Perhaps a better analogy is that of a spider's web. Each new page linking it to similar pages, crossing over and merging with others of its kind while spiders (such as Google and Yahoo) spawn hundreds of new strings each hour. With each of these new threads, thousands more fall into obscurity and disrepair; losing valuable information and replacing it with the newest 'thing'. That, along with moderators and administrators on every site available limit the already fragmented knowledge available.

So that leaves graffiti and other acts of 'defacing property'. The beauty of this form of expression is in its simplicity. These acts are meant to be attention-grabbing and are usually very hard to ignore.

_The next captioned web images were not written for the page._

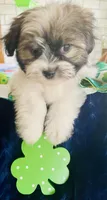 Little Prince, a male Havanese for sale in Uniontown, OH – Photo 6 of 6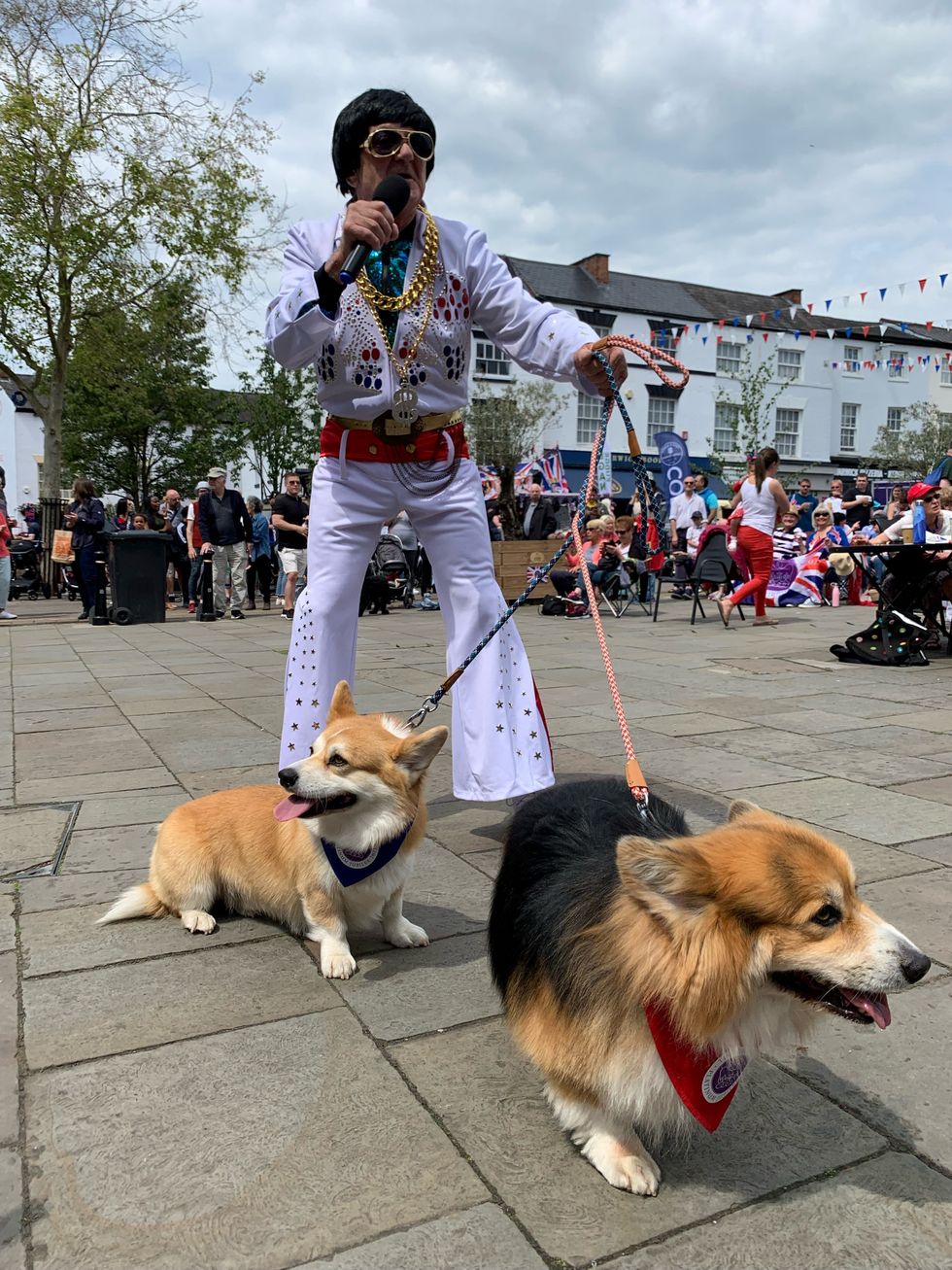 Elvis impersonator with Corgis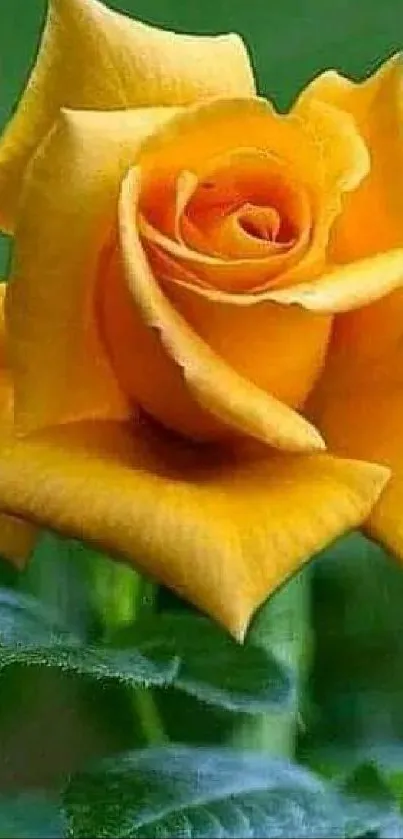 Yellow rose with vibrant petals set against lush green leaves.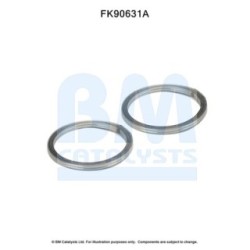 Catalytic Converter Fitting Kit BM CATALYSTS FK90631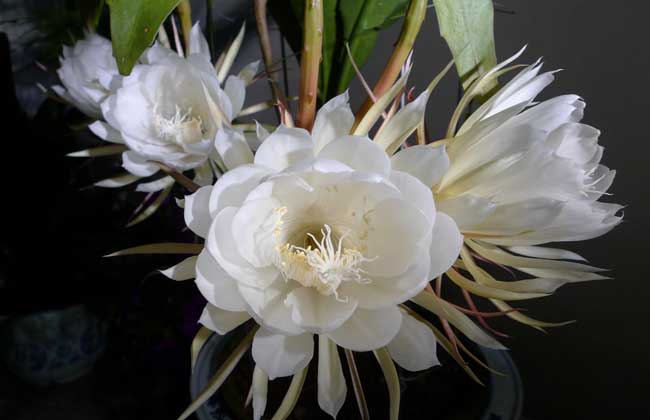 昙花盆栽养植办法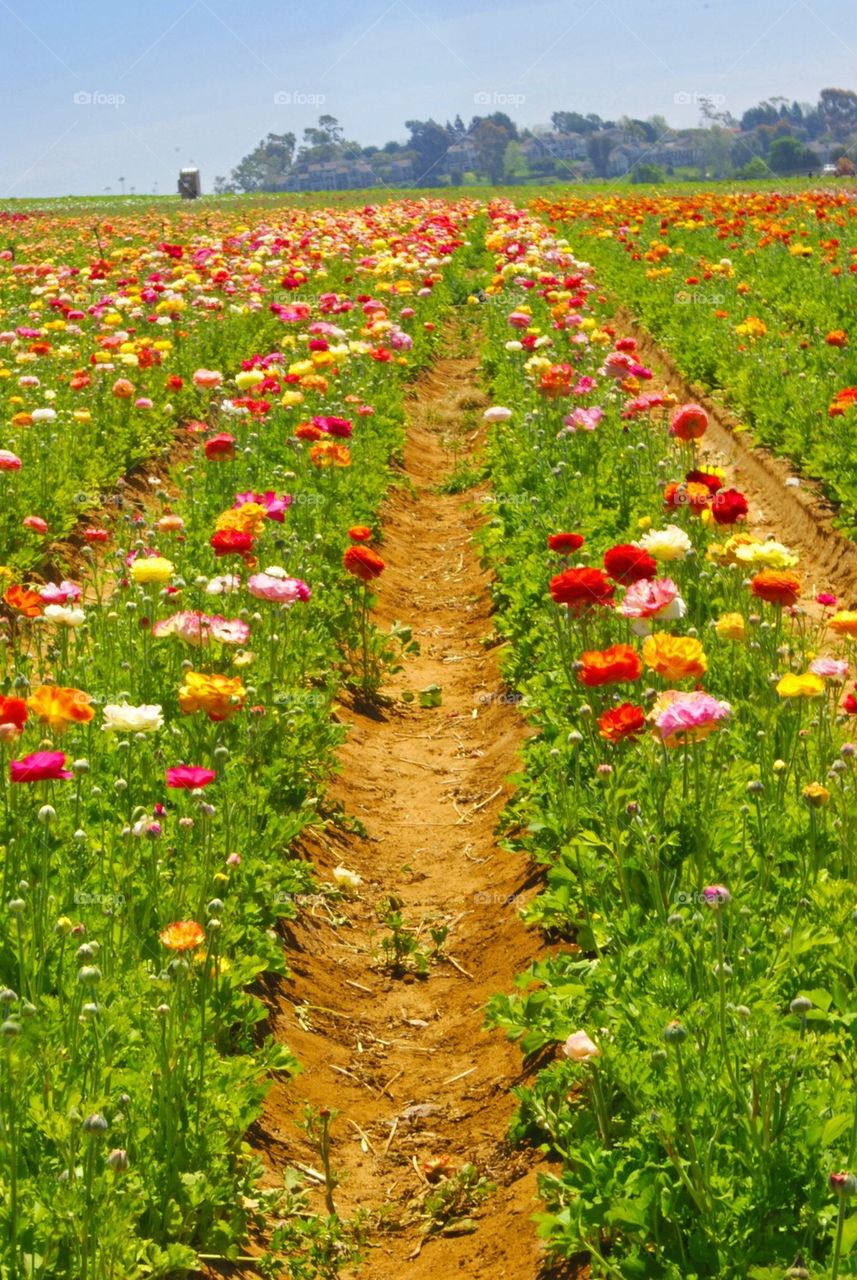 Field of Flowers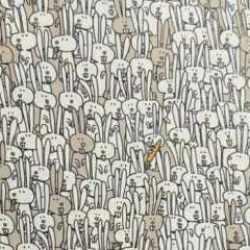 Sadece 20 saniyede zihin jimnastiği! Tavşanlar arasındaki sincabı bulabilir misin?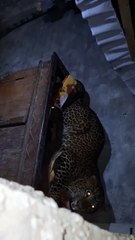 सीमावर्ती इलाके के रानीगंज में तेंदुए ने मचा रखा है आतंक, चार लोगों को किया जख्मी, रेस्क्यू में जुटा वन विभाग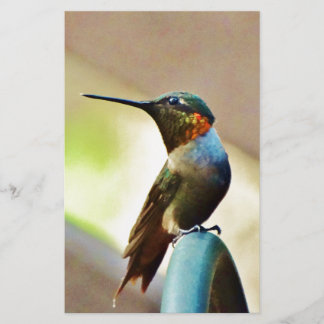 Ruby und Grüner kleiner Hummingbird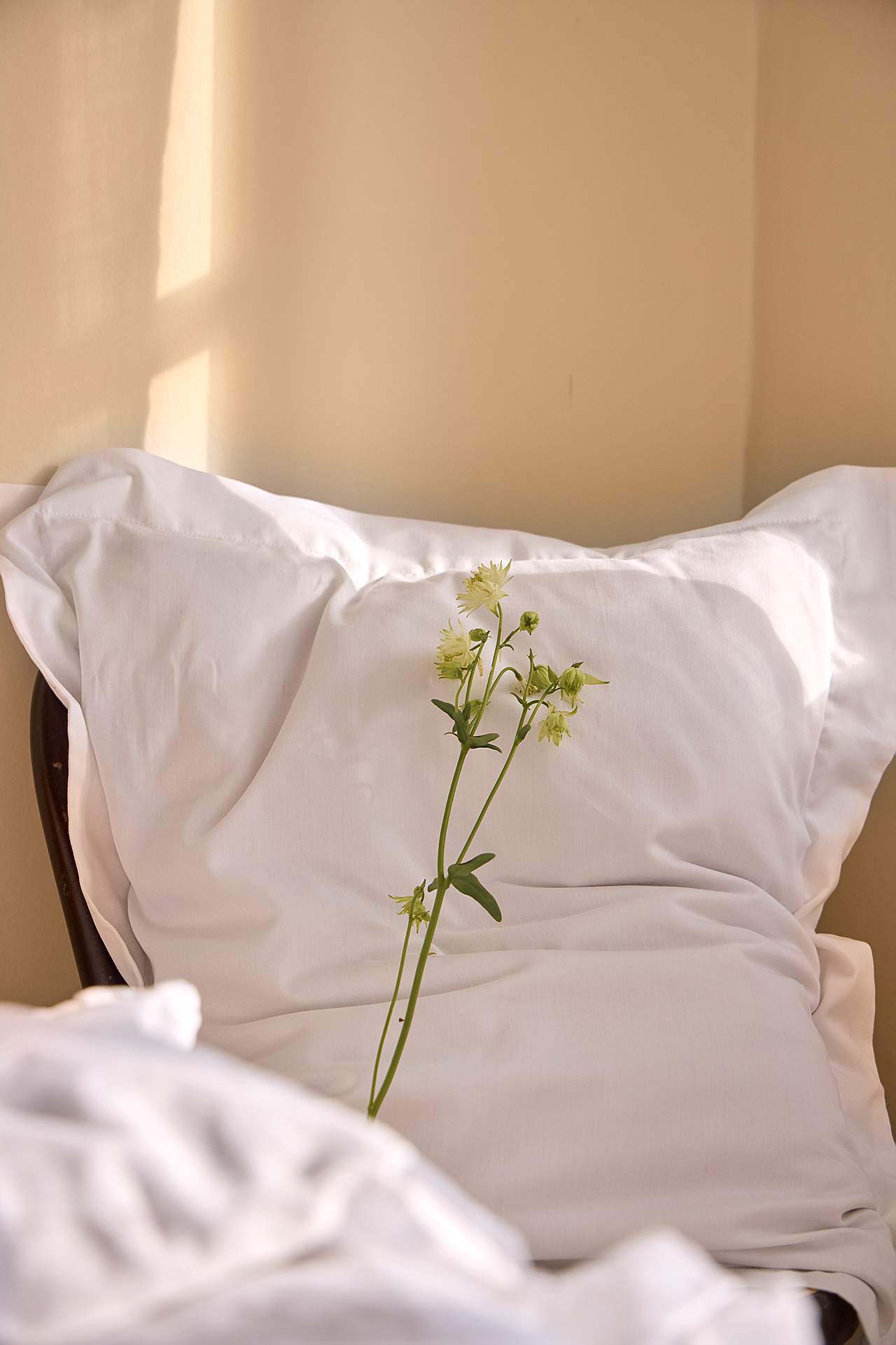 Kussensloop van satijn met vleugel Organisch katoen Set van 2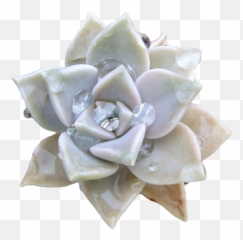 Pin By Alexandra Alex Progovac - Graptopetalum Paraguayense Png,Succulent Transparent Background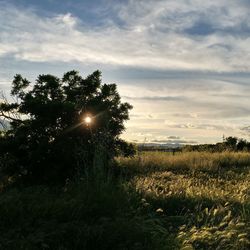 Trees on field against sky at sunset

One example that comes to mind is that of the famous 'Good morning, Lemmings' picture. Imagine yourself as some stuck in that kind of traffic, able to see that message scrawled across the bridge as traffic is at a stop. At that point, you'd really start to think hard about your life and if anything you did was worth doing. As traffic crawled forward like a dying man towards an oasis you'd start to mourn all of the time you wasted working instead of living your life, but in this materialistic society our values have changed from 'people are important' to 'things are important'.

These acts cannot be ignored and the only way to moderate them is to destroy them entirely. They are put both in places that everyone can see and places that are meant to be stumbled upon. They range from personal messages to the world, to over-arching statement of worth and values, to a shining pearl of wisdom unmoderated by those who would want to keep it a secret.

Are they the truest form of art? Perhaps, perhaps not. Are they the truest form or knowledge unbound by fail-safes? That, I can agree with.